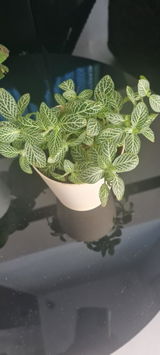Poorva K. review photo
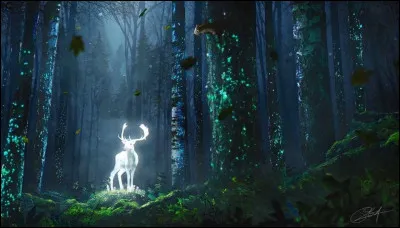 Dans ''Harry Potter et les Reliques de la Mort – Partie 1'', dans quelle for&ecirc;t les h&eacute;ros campent-ils longtemps en cherchant les Horcruxes ?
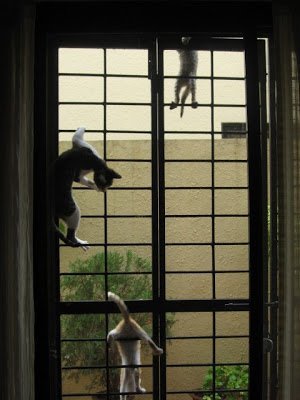 Wordless Wednesday No.8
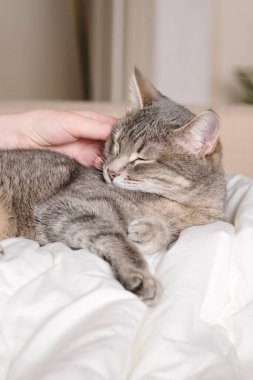 Gri çizgili kedi yatakta uzanıyor. Gri arka planda kadının eli var. Ev sahibi nazikçe kedisini kürkünde okşar. Bir kedi ve bir insan arasındaki ilişki. Dünya Evcil Hayvan Günü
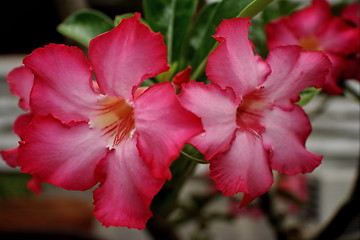 Image showing Red flowers closed .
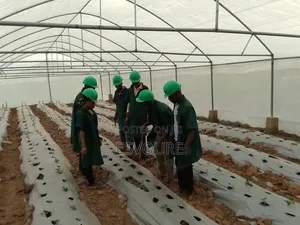 Launch Your Dream Farm With Experts - Anywhere in Nigeria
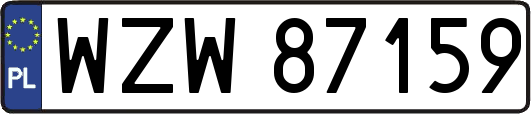 WZW87159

Exercise directions: From the line with "Launch Your Dream" to the final line of the records, inclusive, set down the lines exactly and add nothing; leave every picture out.

Written solution:
 Launch Your Dream Farm With Experts - Anywhere in Nigeria
 WZW87159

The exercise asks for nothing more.